If that check looks good, we should probably merged that, and I'll create a PR.

litghost commented 3 years ago

I add a call to Netlist::verify and got a similar assertion violation:

diff --git a/vpr/src/base/check_netlist.cpp b/vpr/src/base/check_netlist.cpp
index e0344415e..ac2b7a963 100644
--- a/vpr/src/base/check_netlist.cpp
+++ b/vpr/src/base/check_netlist.cpp
@@ -39,6 +39,7 @@ void check_netlist(int verbosity) {

     /* This routine checks that the netlist makes sense. */
     auto& cluster_ctx = g_vpr_ctx.mutable_clustering();
+    cluster_ctx.clb_nlist.verify();
Error 1: 
Type: Unrecognized Error
File: vpr/src/base/netlist.tpp
Line: 1699
Message: Driver pin not found at expected index in net
The entire flow of VPR took 0.41 seconds (max_rss 67.2 MiB)

I think this confirms my earlier investigation. Now to determine where the problem is coming from.

litghost commented 3 years ago

Something weird is going on:

Detected 0 constant generators (to see names run with higher pack verbosity)
Adding pin 0 to net 0 that is pin_type 0
Adding pin 1 to net 0 that is pin_type 1
Finished loading packed FPGA netlist file (took 0.017435 seconds).
# Load Packing took 0.02 seconds (max_rss 67.6 MiB, delta_rss +36.3 MiB)
Warning 14: Netlist contains 0 global net to non-global architecture pin connections
Warning 15: Logic block #1 (di) has only 1 input pin 'di.inpad[0]' -- the whole block is hanging logic that should be swept.
Error 1: 
Type: Other
File: /usr/local/google/home/keithrothman/cat_x/vtr-verilog-to-routing/vpr/src/base/check_netlist.cpp
Line: 92
Message: Pin 0 for net 0 is the net driver, but pin_type(1) != PinType::DRIVER
The entire flow of VPR took 0.23 seconds (max_rss 67.8 MiB)

So pin 0 is added to net 0, and is pin type = 0 (DRIVER).
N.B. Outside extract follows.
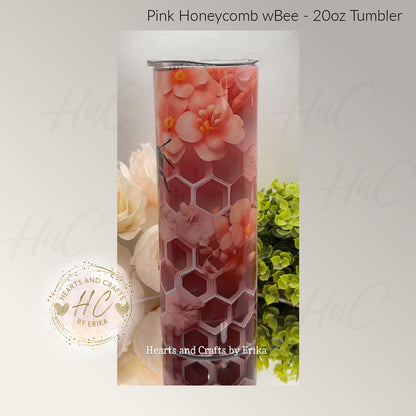 Pink Honeycomb wBee - 20oz Tumbler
Then a little while later, pin 0 is pin type 1? Still investigating.

litghost commented 3 years ago

I've located the bug, making a fix now.

litghost commented 3 years ago

PR opened for fix. I still need to make a replicating regression test, which I'll start on now.

vaughnbetz commented 3 years ago

Nice bug hunting on this Keith! You probably already thought of this, but just in case: you can turn on sanitizers in the makefile if you suspect memory corruption.